I’m dabbling a bit in retro programming because apparently I have nothing better to do, which is a field of joy in a world of pain. Common wisdom is that the IBM PC can’t do anything in parallel; there is only a single CPU, no GPU (in the modern sense) and mostly no co-processor. There is an Intel 8237 DMA chip which can autonomously move data between devices, but it can’t be used for RAM-to-RAM copying or copying to/from the graphics card [DoD]. Or does it?
The smart folks over at the Vintage Computer Federation found a, hacky, way [MMD] to do just that. Memory-to-memory DMA is possible on the IBM PC/XT, despite Channel 0 typically being reserved for DRAM refresh.

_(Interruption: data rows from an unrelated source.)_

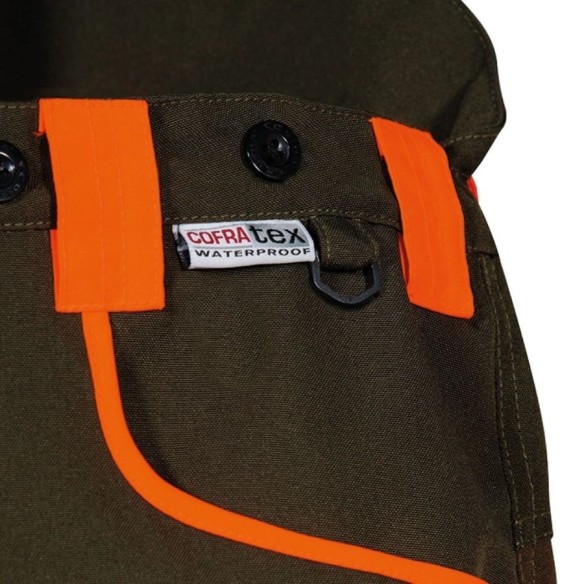 WORK TROUSERS COFRA WITTENAU
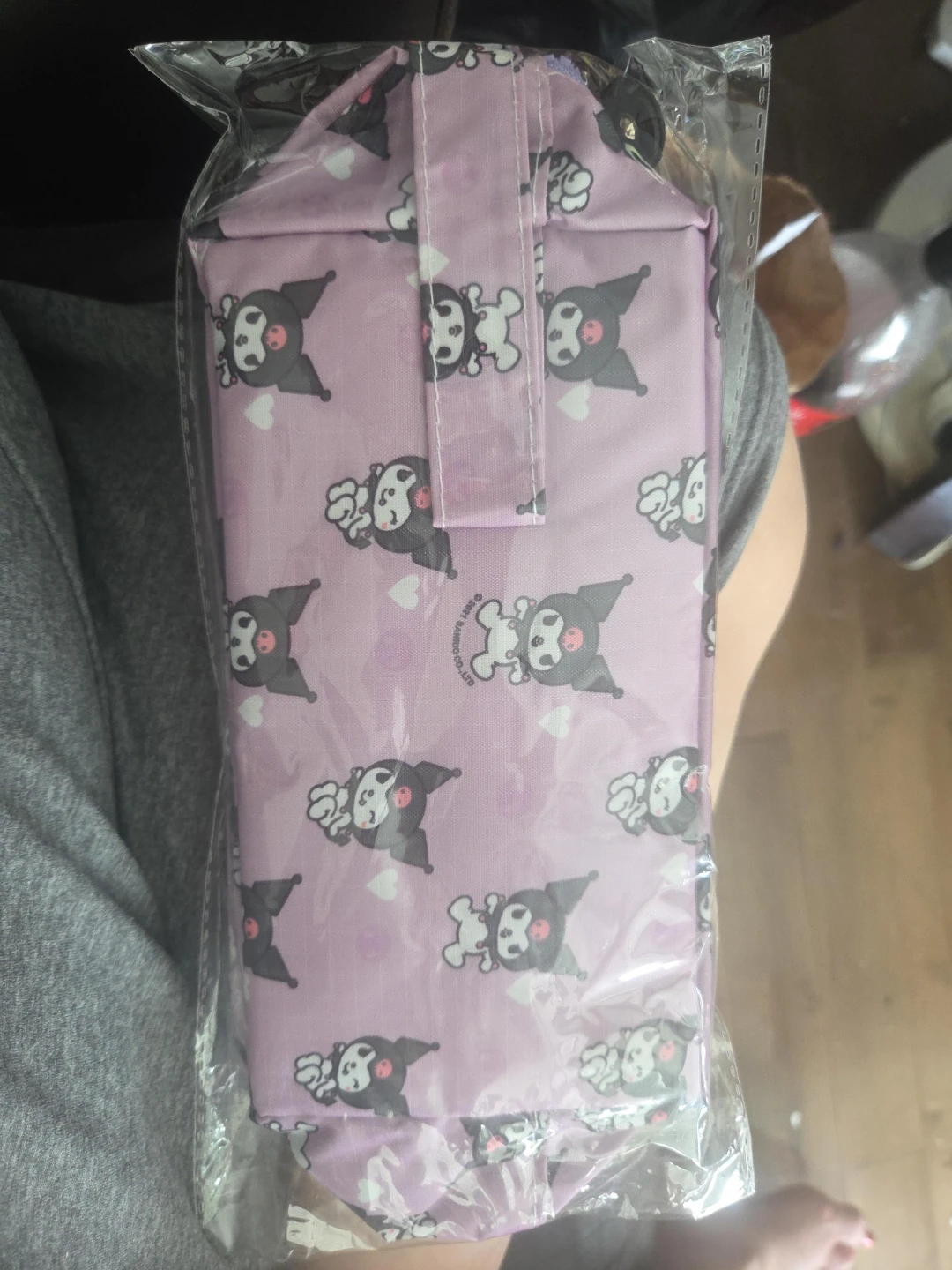 Sanrio Kuromi Pencil Case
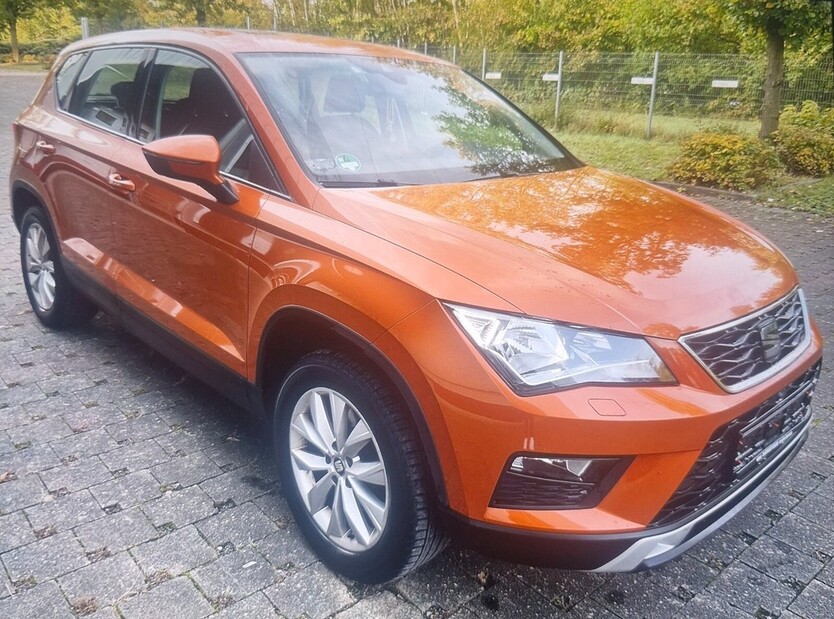 Seat Ateca 72.600 km 19.000 € Rodgau 63110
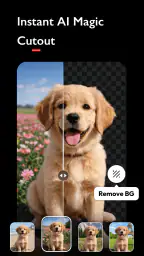 Fotoredigerare AI - Polish screenshot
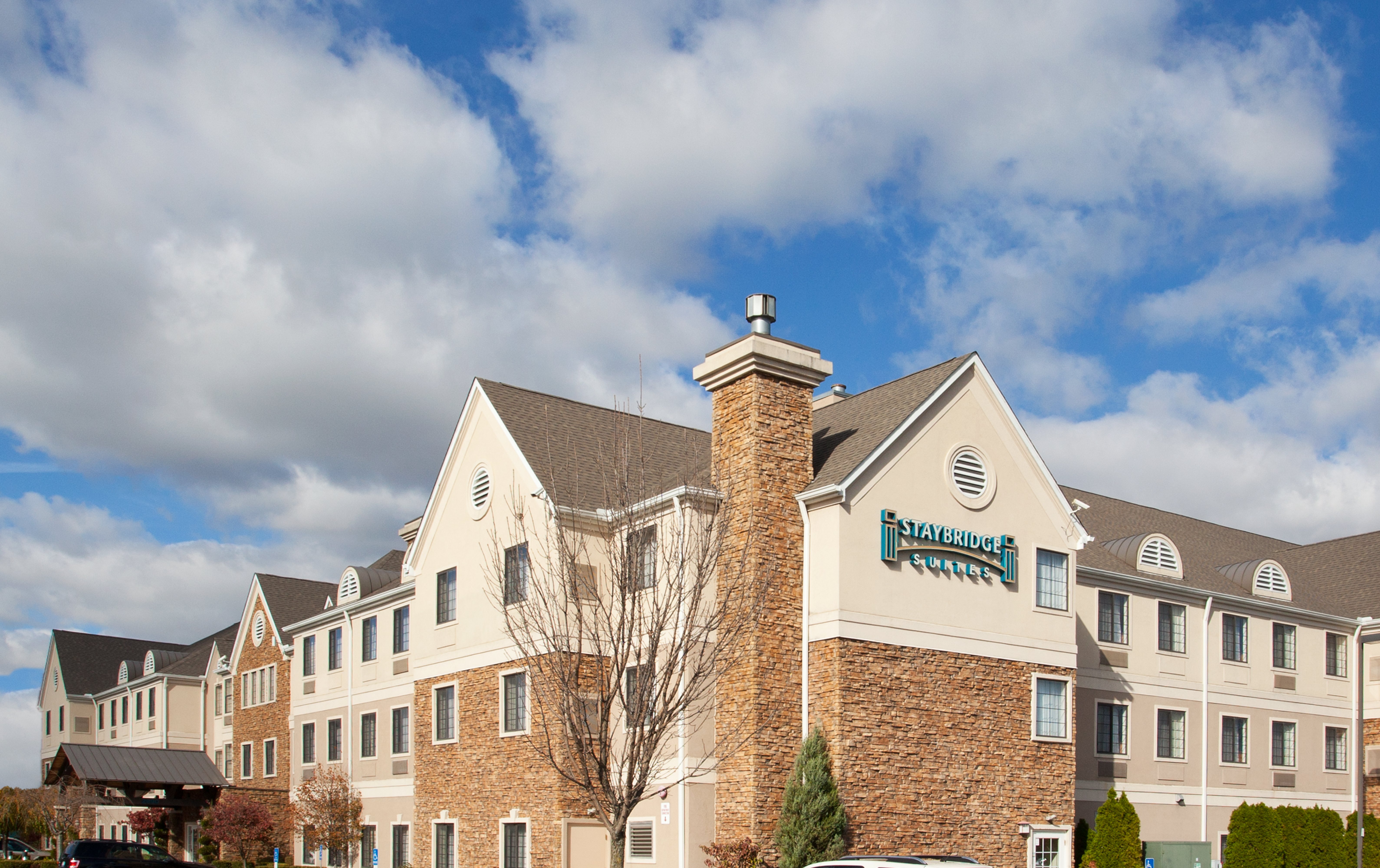 Staybridge Suites Columbus-Airport 49/50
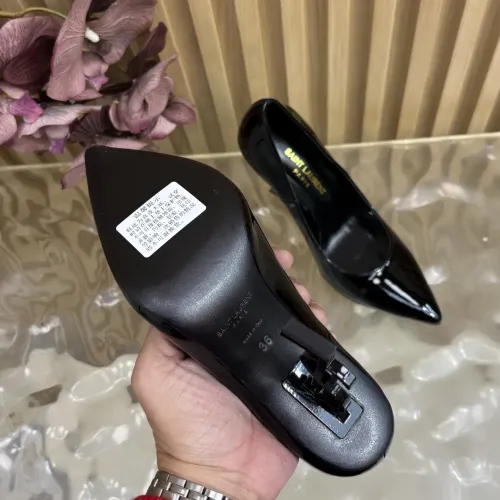 Replica Yves Saint Laurent YSL High-Heeled Shoes For Women #1482538 $115.00 USD for Wholesale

The transfer must occur within a short time span and within the same segment because Channel 0 and 1 share a page register.
Sequence
- Disable RAM refresh (by stopping the PIT timer)
- Set the “extended write selection” value in the command register. Without this, operations like copying to CGA card memory fail due to timing issues (the write line is only active for one cycle, missing the wait state signal).
- Set memory-to-memory mode: Channel 0 for reading, Channel 1 for writing.
- Mask off both channels, trigger a software DMA request for Channel 0, and wait for Terminal Count on Channel 1.
- Enable RAM refresh
Unfortunately there isn’t any code published.
Effects
- System-to-system copy works fine and is stable.
- CGA-to-CGA copy requires “extended write selection” to handle wait states.
- EGA copy: it is possible to push memory-to-memory DMA onto an EGA card (tested with Video Seven VEGA and IBM EGA) by tweaking timings and using “extended write selection” to create effects like a sliding copy of an image on the screen.
Performance Characteristics
- CGA-to-CGA DMA copies are slightly faster than a CPU using REP MOVSW or REP MOVSB for video memory (DMA takes ~21.3 cycles per byte, while REP MOVSW in CGA is ~26.5 cycles per byte).
- However, REP MOVSW from system RAM to CGA is faster (19.2 cycles per byte) than doing a DMA copy.
- When copying with an EGA card, the CPU uses REP MOVSB because the EGA latches don’t work reliably with 16-bit accesses.
Limitations on Transfer Size
- Normal hardware specifications require a DRAM refresh every 4ms (about 256 rows to refresh out of an available window of ~19091 cycles). The maximum safe continuous DMA copy size is theoretically ~1922 bytes before a standard machine risks crashing from lack of refresh.
- However, many specific PC XT setups and memory chips are extremely tolerant. In practice, this allows the refresh to be disabled long enough to transfer over 16kb (e.g., the size of a 320×200 16-color screen plane) or more at a time without parity errors.
Resources
[DoD] The Danger of Datasheets
https://www.os2museum.com/wp/the-danger-of-datasheets/
[MMD] Memory to Memory DMA on the IBM PC PC/XT
https://forum.vcfed.org/index.php?threads/memory-to-memory-dma-on-the-ibm-pc-pc-xt.1256277/